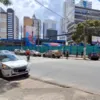 Conversão errada causa colisão entre carros e atinge muro do jornal A TARDE - Imagem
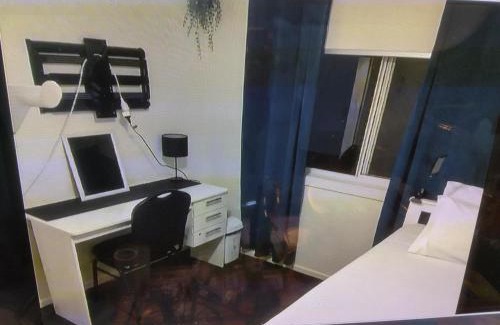 Kallangur Casa | Room for rent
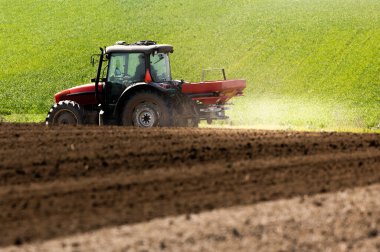 Traktör yapay gübre yayıyor. Ulaşım, tarım.
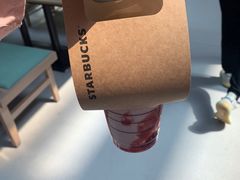 -星巴克(青岛火车北站候车大厅店)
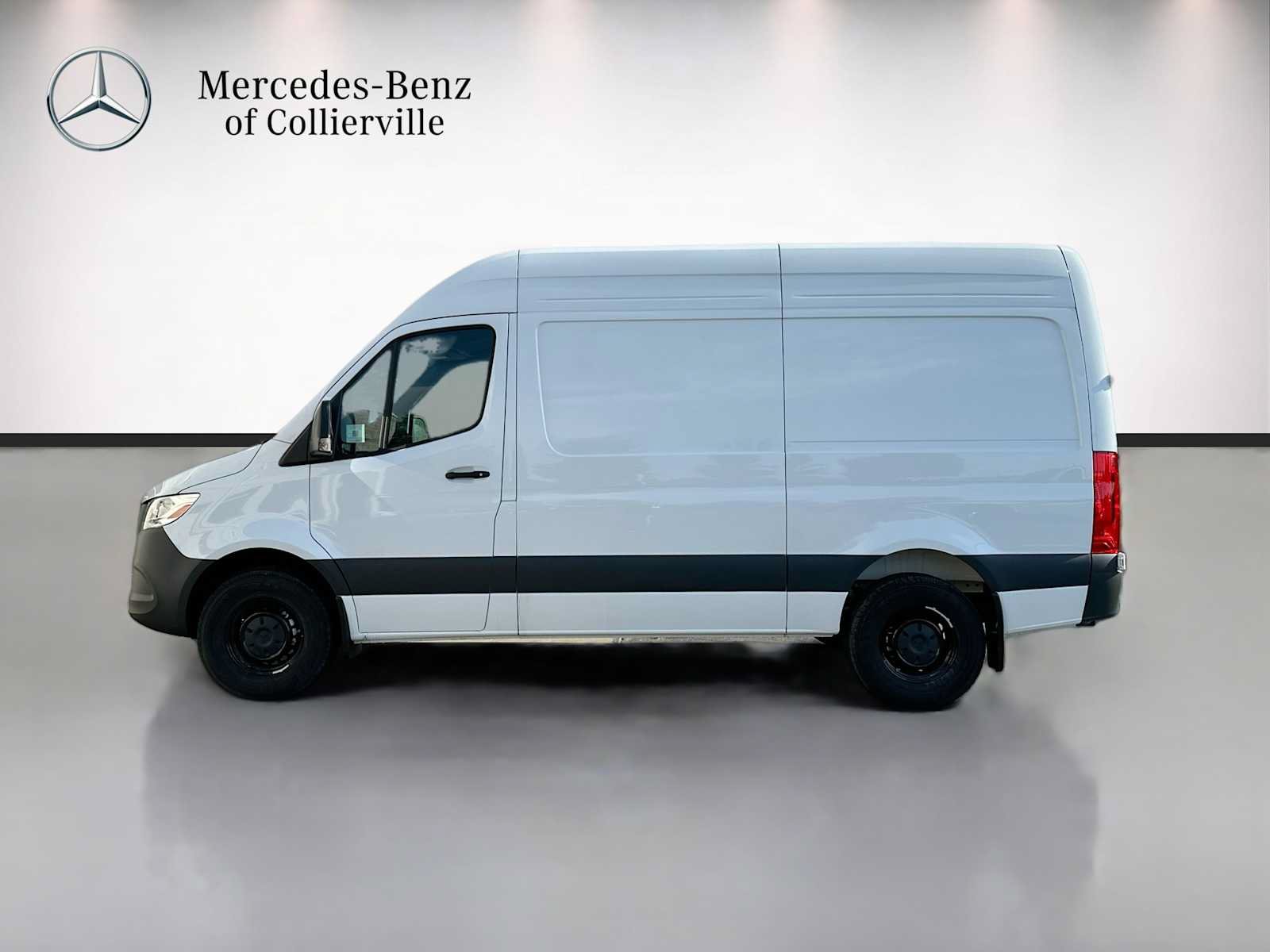 Used 2025 Mercedes-Benz Sprinter 2500 image 8
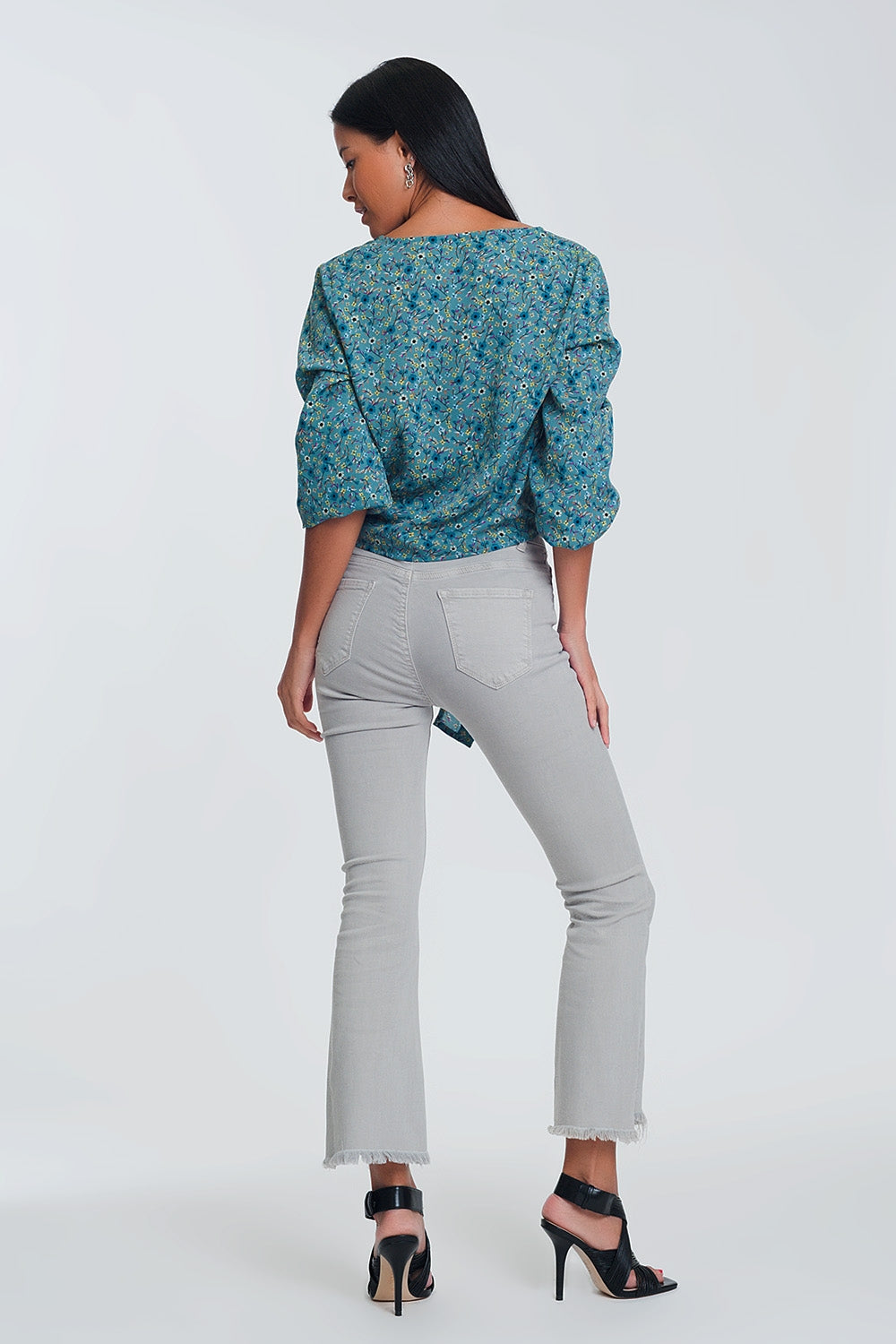 Blusa a maniche lunghe con scollo a V bottoni e stampa a fiori verde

※

◆ Activity: Each word of the data should be repeated exactly, and the pictures left out.

◆ Result of the task:
 Conversão errada causa colisão entre carros e atinge muro do jornal A TARDE - Imagem
 Kallangur Casa | Room for rent
 Traktör yapay gübre yayıyor. Ulaşım, tarım.
 -星巴克(青岛火车北站候车大厅店)
 Used 2025 Mercedes-Benz Sprinter 2500 image 8
 Blusa a maniche lunghe con scollo a V bottoni e stampa a fiori verde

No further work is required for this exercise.